#### EXERCISE GOAL
Throughout the records below, find each line holding "thẳng" and copy it.

┌──

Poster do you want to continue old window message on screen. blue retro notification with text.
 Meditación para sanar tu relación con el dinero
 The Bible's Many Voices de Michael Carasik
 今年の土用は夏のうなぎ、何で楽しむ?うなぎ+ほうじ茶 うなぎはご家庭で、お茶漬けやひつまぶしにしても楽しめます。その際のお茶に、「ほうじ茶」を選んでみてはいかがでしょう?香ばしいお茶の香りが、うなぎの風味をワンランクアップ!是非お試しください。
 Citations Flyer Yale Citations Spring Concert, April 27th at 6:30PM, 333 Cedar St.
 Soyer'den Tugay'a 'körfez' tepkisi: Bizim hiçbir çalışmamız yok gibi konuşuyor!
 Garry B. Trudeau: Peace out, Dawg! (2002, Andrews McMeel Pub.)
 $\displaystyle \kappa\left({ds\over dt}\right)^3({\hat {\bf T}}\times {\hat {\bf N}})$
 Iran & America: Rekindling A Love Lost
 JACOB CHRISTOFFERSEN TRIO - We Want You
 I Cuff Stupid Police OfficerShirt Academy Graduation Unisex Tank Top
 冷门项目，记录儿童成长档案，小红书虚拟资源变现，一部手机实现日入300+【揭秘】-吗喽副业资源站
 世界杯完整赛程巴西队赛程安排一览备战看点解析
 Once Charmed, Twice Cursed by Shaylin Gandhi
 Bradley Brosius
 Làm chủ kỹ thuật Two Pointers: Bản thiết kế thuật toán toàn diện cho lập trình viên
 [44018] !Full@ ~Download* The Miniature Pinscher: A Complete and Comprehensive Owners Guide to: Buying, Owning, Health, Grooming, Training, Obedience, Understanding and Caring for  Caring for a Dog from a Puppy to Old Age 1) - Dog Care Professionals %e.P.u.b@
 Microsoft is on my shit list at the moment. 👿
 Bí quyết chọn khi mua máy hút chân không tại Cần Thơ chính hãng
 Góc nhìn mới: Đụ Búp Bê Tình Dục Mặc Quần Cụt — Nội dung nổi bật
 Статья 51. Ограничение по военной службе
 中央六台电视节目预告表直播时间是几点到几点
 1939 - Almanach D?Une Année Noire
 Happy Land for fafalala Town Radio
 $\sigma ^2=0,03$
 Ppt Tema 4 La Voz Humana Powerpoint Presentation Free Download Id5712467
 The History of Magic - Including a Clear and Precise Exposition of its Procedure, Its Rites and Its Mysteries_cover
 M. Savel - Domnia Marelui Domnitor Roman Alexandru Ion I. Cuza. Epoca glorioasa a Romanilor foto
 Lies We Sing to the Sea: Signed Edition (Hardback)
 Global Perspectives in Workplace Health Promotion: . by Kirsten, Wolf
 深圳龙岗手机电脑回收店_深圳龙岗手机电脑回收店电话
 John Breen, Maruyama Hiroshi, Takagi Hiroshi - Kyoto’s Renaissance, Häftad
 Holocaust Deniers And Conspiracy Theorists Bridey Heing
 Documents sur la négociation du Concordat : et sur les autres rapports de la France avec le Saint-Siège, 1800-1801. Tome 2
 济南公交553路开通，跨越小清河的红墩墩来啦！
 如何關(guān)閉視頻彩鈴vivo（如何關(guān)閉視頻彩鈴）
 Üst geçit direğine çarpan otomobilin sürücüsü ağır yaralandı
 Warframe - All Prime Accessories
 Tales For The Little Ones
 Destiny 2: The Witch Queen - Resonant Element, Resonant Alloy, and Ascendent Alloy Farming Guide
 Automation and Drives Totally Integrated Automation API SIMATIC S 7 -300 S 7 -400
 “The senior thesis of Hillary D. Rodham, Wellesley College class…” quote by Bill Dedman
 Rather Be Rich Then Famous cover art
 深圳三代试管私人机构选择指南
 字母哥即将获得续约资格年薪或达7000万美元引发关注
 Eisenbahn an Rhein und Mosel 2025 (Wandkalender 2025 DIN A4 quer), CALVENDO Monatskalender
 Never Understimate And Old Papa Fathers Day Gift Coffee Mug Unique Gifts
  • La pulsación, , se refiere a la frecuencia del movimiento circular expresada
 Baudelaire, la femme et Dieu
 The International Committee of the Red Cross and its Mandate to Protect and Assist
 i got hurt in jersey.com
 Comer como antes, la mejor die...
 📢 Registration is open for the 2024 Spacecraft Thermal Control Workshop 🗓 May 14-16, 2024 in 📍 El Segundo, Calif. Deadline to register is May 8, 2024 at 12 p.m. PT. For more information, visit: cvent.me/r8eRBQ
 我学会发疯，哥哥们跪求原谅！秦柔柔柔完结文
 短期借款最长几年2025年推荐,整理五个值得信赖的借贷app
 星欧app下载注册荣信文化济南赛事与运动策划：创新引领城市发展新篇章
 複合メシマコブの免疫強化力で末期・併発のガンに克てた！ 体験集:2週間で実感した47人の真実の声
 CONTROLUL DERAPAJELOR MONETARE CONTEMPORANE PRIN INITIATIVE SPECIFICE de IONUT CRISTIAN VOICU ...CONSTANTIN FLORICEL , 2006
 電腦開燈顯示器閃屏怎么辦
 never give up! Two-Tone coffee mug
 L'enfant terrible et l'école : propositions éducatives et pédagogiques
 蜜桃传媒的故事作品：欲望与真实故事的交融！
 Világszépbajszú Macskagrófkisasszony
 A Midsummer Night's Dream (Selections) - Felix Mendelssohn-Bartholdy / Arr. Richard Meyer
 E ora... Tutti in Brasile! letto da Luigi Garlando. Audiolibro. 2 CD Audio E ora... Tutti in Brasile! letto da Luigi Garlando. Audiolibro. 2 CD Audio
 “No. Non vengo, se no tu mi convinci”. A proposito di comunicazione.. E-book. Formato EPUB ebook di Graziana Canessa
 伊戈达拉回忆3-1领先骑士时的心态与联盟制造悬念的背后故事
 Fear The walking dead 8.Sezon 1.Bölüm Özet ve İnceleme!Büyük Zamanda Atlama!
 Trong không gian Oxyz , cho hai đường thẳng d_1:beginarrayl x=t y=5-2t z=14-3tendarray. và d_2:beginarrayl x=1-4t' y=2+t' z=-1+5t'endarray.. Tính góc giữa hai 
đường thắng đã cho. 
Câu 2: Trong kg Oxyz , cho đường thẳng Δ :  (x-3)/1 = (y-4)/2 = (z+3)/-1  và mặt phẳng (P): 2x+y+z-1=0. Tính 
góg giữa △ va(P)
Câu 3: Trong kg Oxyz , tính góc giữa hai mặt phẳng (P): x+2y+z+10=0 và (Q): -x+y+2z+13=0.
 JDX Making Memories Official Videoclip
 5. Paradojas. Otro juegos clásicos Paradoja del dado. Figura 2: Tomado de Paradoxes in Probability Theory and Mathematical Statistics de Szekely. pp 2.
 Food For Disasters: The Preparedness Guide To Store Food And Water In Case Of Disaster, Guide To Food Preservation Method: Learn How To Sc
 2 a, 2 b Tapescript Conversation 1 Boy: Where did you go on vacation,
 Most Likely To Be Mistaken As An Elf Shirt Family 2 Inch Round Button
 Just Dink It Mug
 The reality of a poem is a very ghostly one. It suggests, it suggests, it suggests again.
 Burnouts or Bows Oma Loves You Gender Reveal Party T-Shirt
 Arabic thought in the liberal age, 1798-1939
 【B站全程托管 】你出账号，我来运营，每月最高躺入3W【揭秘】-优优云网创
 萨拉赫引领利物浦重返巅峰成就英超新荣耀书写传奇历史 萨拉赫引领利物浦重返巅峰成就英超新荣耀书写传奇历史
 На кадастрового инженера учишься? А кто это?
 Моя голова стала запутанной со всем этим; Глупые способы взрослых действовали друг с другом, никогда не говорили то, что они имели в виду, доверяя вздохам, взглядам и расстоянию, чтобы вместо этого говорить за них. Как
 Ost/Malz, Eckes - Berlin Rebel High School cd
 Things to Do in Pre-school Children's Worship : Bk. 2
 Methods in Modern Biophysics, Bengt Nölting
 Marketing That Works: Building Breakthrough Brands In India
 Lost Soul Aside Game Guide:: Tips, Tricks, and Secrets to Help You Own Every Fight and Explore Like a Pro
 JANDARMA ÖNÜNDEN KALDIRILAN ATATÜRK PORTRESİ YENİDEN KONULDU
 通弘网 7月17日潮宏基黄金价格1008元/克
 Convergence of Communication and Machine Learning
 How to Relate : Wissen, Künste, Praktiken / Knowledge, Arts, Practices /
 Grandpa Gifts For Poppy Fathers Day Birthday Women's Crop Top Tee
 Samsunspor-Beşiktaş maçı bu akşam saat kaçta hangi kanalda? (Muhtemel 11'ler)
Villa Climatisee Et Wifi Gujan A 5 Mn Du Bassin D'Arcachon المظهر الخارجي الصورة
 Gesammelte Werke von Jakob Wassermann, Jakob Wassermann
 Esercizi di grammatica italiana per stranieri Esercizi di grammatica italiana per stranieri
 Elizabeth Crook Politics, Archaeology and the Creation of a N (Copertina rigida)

└──

#### RESPONSE AREA
 Trong không gian Oxyz , cho hai đường thẳng d_1:beginarrayl x=t y=5-2t z=14-3tendarray. và d_2:beginarrayl x=1-4t' y=2+t' z=-1+5t'endarray.. Tính góc giữa hai 
Câu 2: Trong kg Oxyz , cho đường thẳng Δ :  (x-3)/1 = (y-4)/2 = (z+3)/-1  và mặt phẳng (P): 2x+y+z-1=0. Tính 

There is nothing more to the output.